In essence, Mr Mehjoo’s case against his long standing accountants was that they had failed to provide the advice that could be expected from a “reasonably competent accountant”. Mr Mehjoo was born in Iraq and had lived in Iran before coming to the UK as was well known to his accountants. In October 2004 he wanted to sell shares in his company and his accountants realised that there may be a Capital Gains Tax liability of around £800,000. Mr Mehjoo’s chief complaint was that his accountants had not advised him of the possibility that he might have avoided this tax liability by establishing that he was non-domiciled in the UK for tax purposes.

Unimpressed

Perhaps unsurprisingly, the Judge was unimpressed with the accountants’ assertion that they were not obliged either to give specialist tax advice to their client given his overseas connections or to recommend that he seek such specialist advice elsewhere. That though was not the end of the story. In order to succeed in his claim for negligence, Mr Mehjoo had to also establish that, had they provided such advice, it would have resulted in a material saving of tax. It is at this point that Mr Justice Silber’s lengthy judgment becomes more controversial.

Having looked in detail at the evidence as to whether Mr Mehjoo was in fact non-domiciled for tax purposes and having concluded that he probably was, the court went on to consider what tax schemes would have been available to him given that status. Two particular tax avoidance mechanisms, which Mr Mehjoo claims he should have been advised about, were put forward on his behalf. The first known as a bearer warrant scheme would have required the change of shares in his company from registered shares to bearer shares which would then have had to have been held offshore through an offshore trust company with the result that the trustees would have been able to sell the shares outside the scope of UK tax. The second was a more aggressive scheme the details of which we don’t need to go into.
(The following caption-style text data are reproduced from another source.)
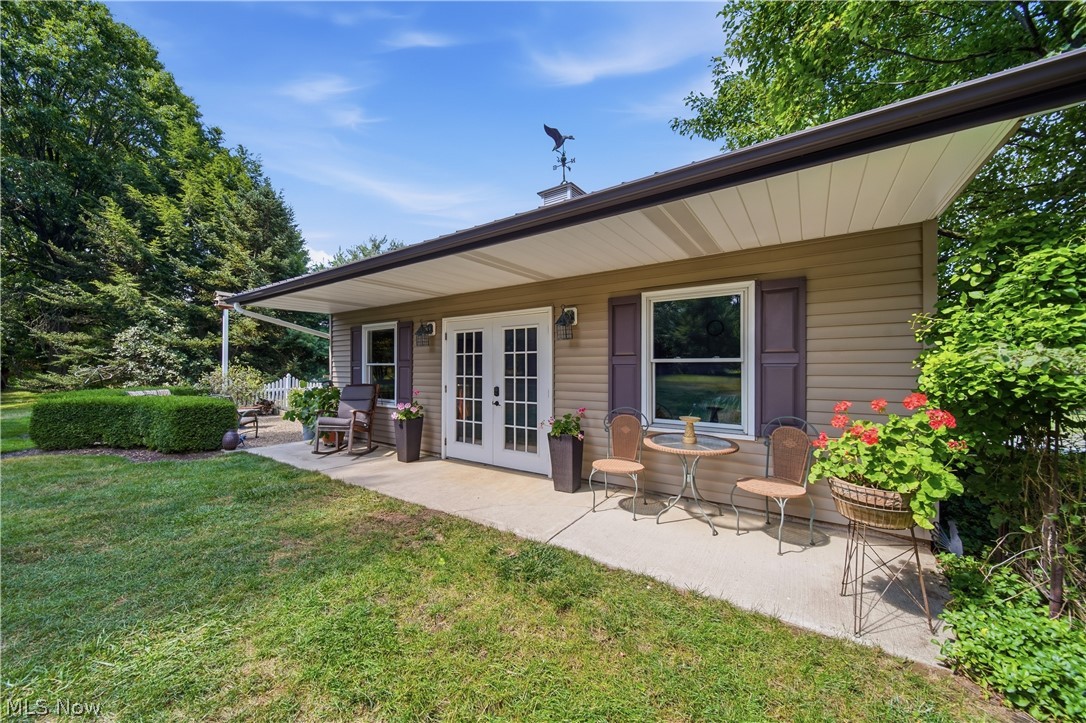 118 Manning Road Mogadore OH 44260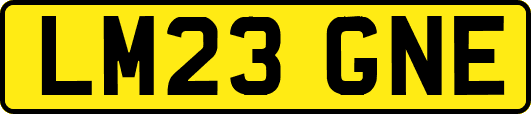 LM23GNE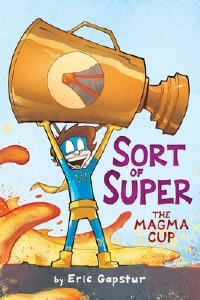 Sort of Super 02 The Magma Cup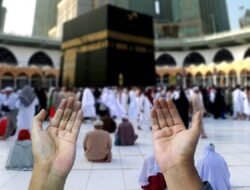 Kemenhaj Bongkar Mafia Haji-Umrah, Ada Duit Rp120 Triliun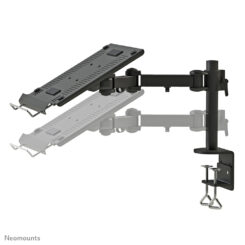 Neomounts NOTEBOOK-D100 Laptophouder monitorarm 10-22" - Afbeelding 5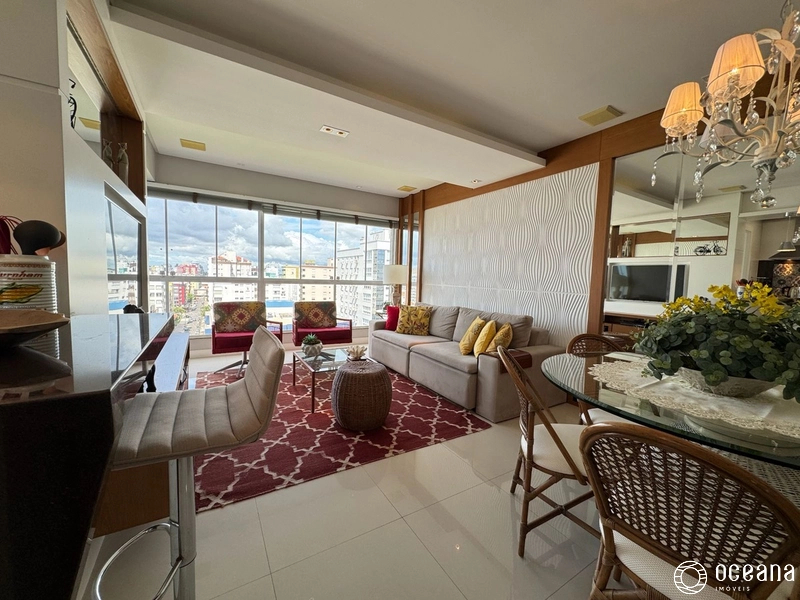APARTAMENTO DE 03 DORMITÓRIOS NO BAIRRO ZONA NOVA!: 3ª foto da galeria de imagens do imóvel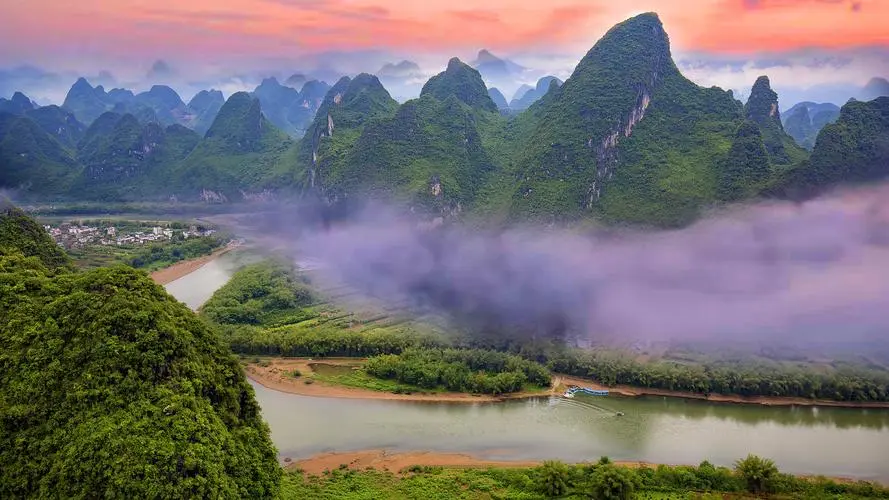 高端精密智慧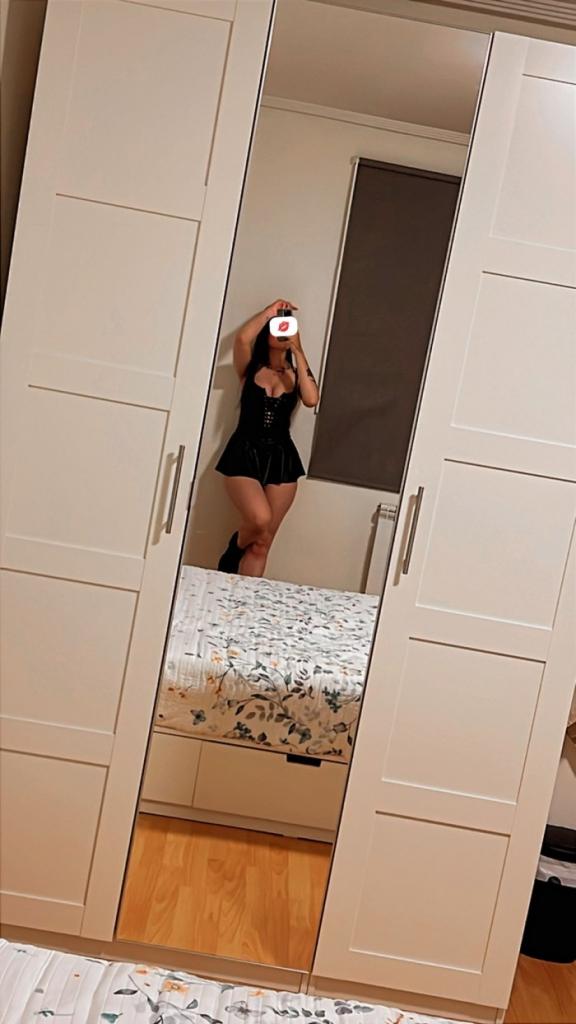 Chica busca chico en Salamanca: 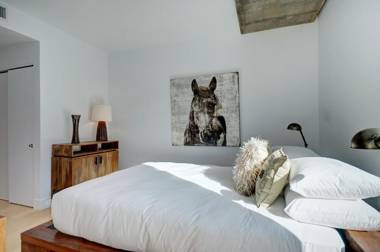 Les Immeubles Charlevoix - Le 760705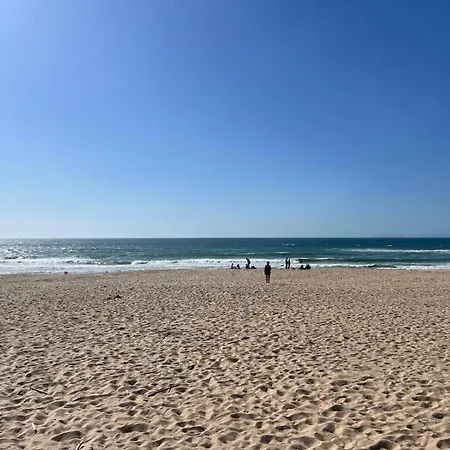 Apartament Villamar - Da Areia Branca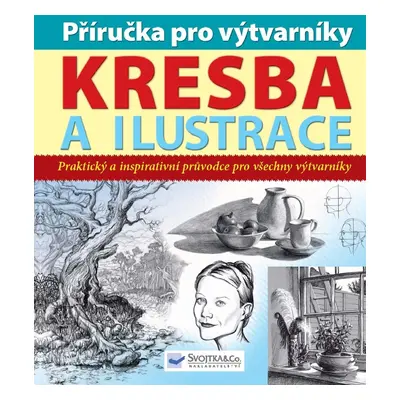 Kresba a ilustrace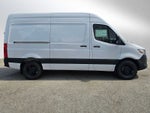 2025 Mercedes-Benz Sprinter Cargo Van 2500 Standard Roof I4 Diesel 144" RWD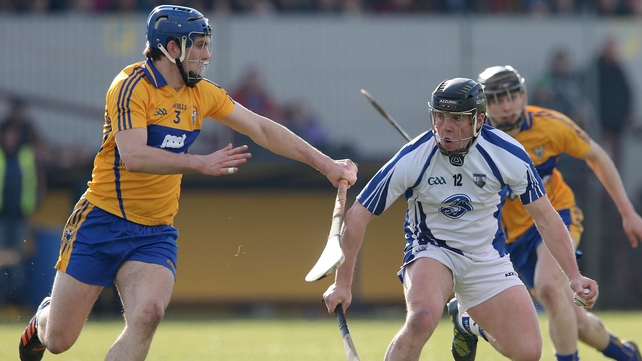 A date with Cork awaits the winners of today's encounter
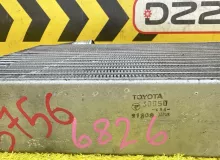 Интеркулер TOYOTA HIACE 2008 1794030050 KDH206V 1KDFTV, передний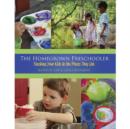 The Homegrown Preschooler - Book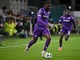 San Gallo-Fiorentina 2-4, doppietta Ikonè in Svizzera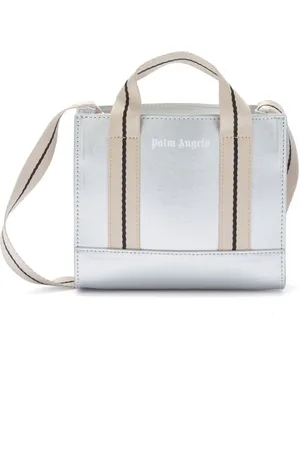 Palm Angels Tote i imiteret læder
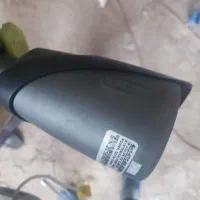 ۲عدد دوربین مداربسته قیمت هرکدام ۱۵۰۰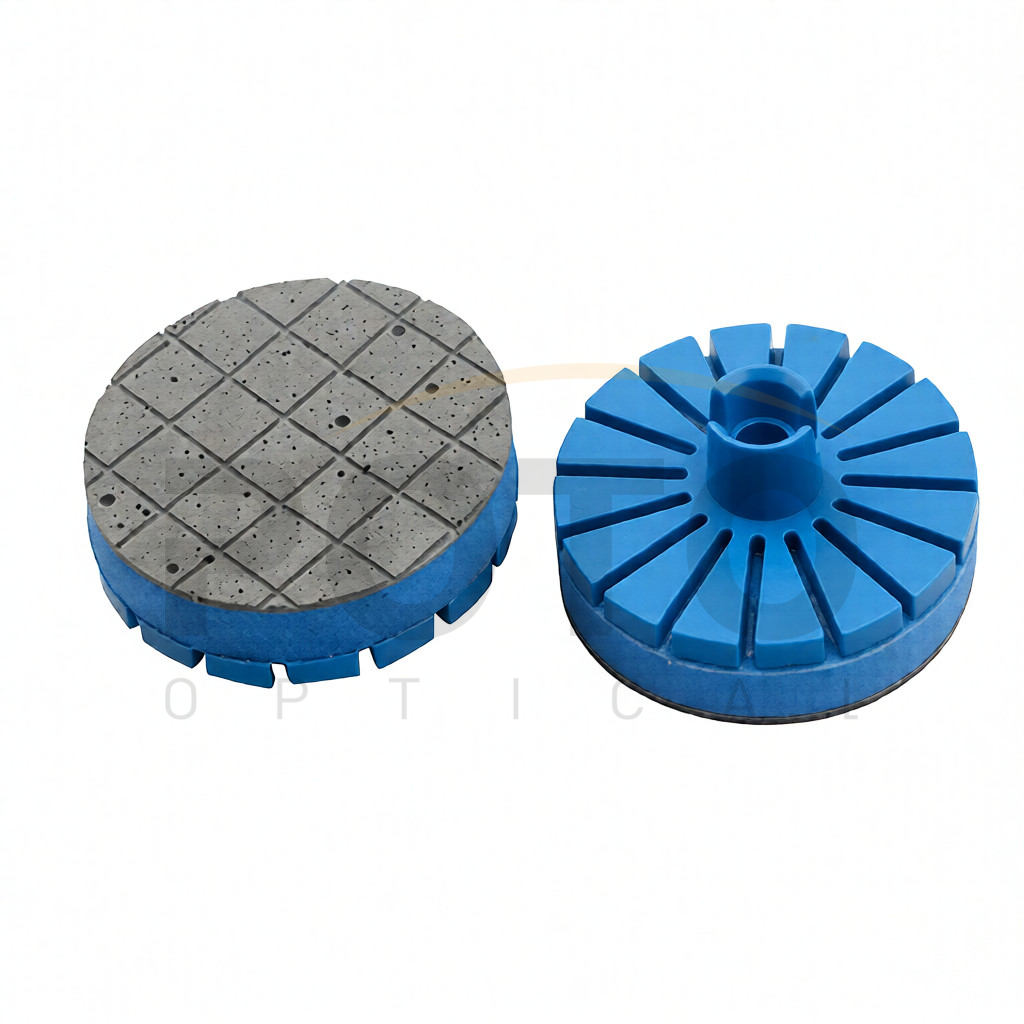 FreeForm Polierwerkzeug (1. Schritt) (GOP1R-300F)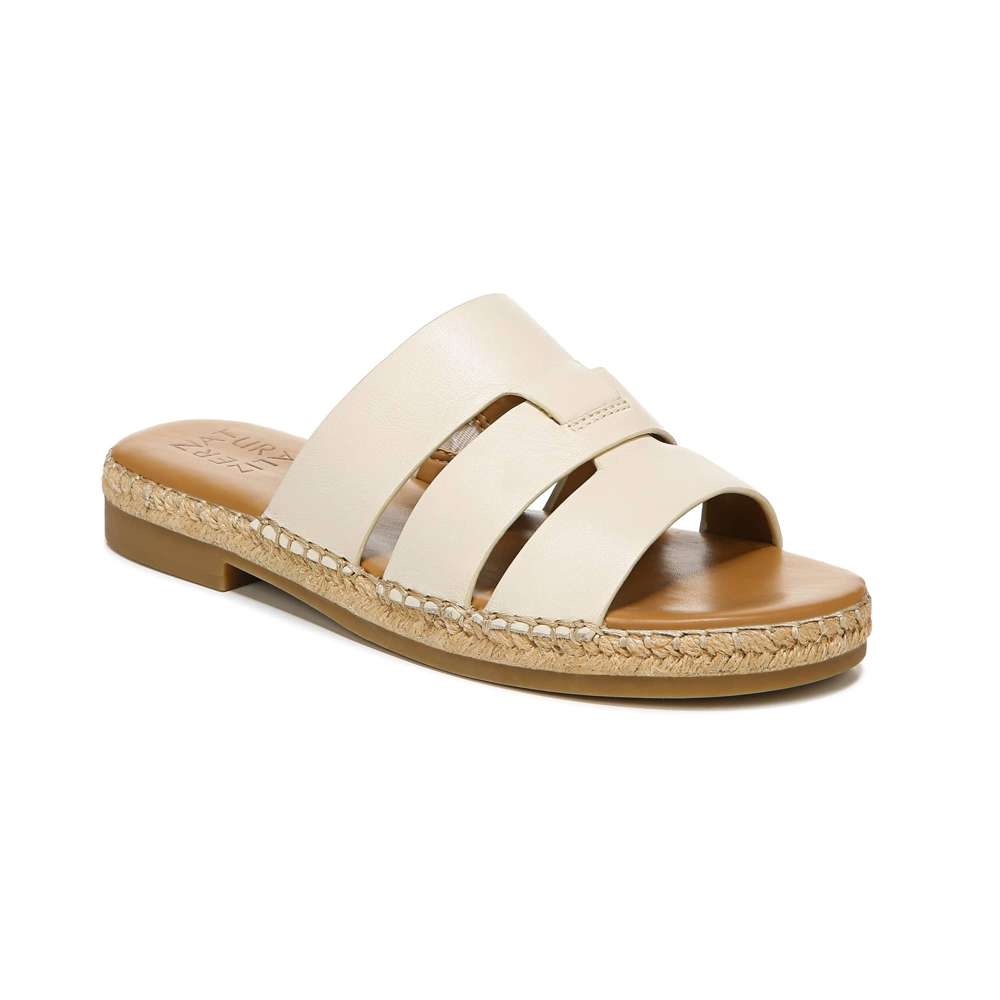 Arden Slide - Porcelain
Harben Barker sought to persuade the judge that bearer warrant schemes were inherently high risk and therefore unlikely to have achieved the intended tax savings. Unfortunately for them, when the judge came to review the extensive evidence as to the use of such schemes, he was unable to find evidence of their successful challenge by HMRC and was therefore unwilling to conclude that they were either speculative or high risk. On that basis he concluded that Harben Barker was liable to Mr. Mehjoo in damages for the tax he had to pay.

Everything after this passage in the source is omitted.